Once you’ve identified which fantasy you’ll be diving into, think ahead before engaging in your scene. Have all the tools, accessories, and gear within close range. Do you need lube? An electric extention cord? Paper towels? How about hydrogen peroxide? Okay great! Just be certain that you actually have all that shit in your house before you’re doing your scene and realize that you need those. Plot out and imagine everything in your head before you get started, making sure that you’re fully prepared. If not, you’re going to end up looking like a moron.



Effort. You get out of it what you put into it (or them or you). Don’t be lazy and wait for magical thinking to gallop in, take over the scene, and save the day. If you’ve planned on tying up your partner and sucking his dick, then you’d better damn well suck his dick beautifully (lips, no teeth, pressure, time, pace, etc.) or he will be terribly disappointed. If your jaw is getting tired after only two minutes, it’s because you’re either being a wimp or you’re not used to sucking dick. Buckle down and do it well or don’t do it at all. Sometimes you find yourself in a situation that you you’re not in the mood for or “don’t feel like it right now” but if you’ve partially initiated it, then you need to be a big boy or girl and finish the job off for the sake of your partner. Don’t be lame, don’t be a let-down. If you’re not going to do a good job at washing your car, then you shouldn’t be doing it that day. Same difference. Half-assed jobs make everyone look stupid. This applies to sex, BDSM, and 99% of everything else in life. Plus, everyone can tell the difference whether or not they admit it.
Does your fantasy need a slight tweaking in order for it to more realistically manifest? Then you need to change it for the better. People are amusing in the sense that they tend to view traditional fantasies or their own personal fantasies as being precious doctrine that should never be adjusted. Nonsense! Sometimes altering fantasies to better suit the needs of the scene or your partner actually end up improving or enrichening them so don’t be afraid to experiment. Simply go with the flow and allow action to change it’s course when nature calls for it. It’s entirely possible that you may end up surprising yourself in the sense that a new, improved fantasy may be added into your “personal library”. Your fantasies are not sacred; they are flowing, malleable. Don’t be so structured (mentally, physically) that you end up breaking them before they even materialize. Let them be permeable, let them breathe a bit. If you and/or your partner add in or take away a few ingredients of the recipe, then allow it to happen. Life is a collaboration, always.

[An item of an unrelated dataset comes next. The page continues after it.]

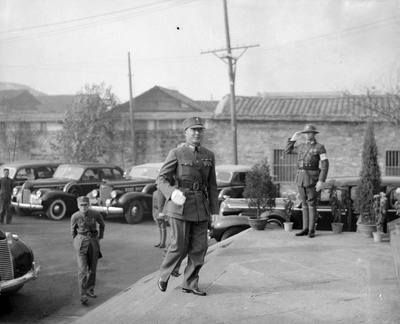中国老照片(1932-1973)第一辑的摄影作品-图1827-（1941-11-17）重庆（中国），何应钦将军在人民政治委员会第二次全体会议上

Preplanning your actions in detail, based on your fantasies, brings them as close as possible to the original text so be sure to think ahead. Rationalize what it takes in order for that kink to be easy and natural when it comes into play. Pay tribute to that fantasy by putting in the energy and effort that is needed for it to be pleasing/worth it both for you and your partner. If you need to push yourself and “try” more, then do so. Don’t be victim to fantasies that are so suffocatingly structured that they could never truly exist outside your imagination. Create space for adjustment, improvement, surprise, and addition. Fantasies are very rarely diminished but what makes them so great is that they can be expanded, improved upon, grown wider, and multiplied with greater variety.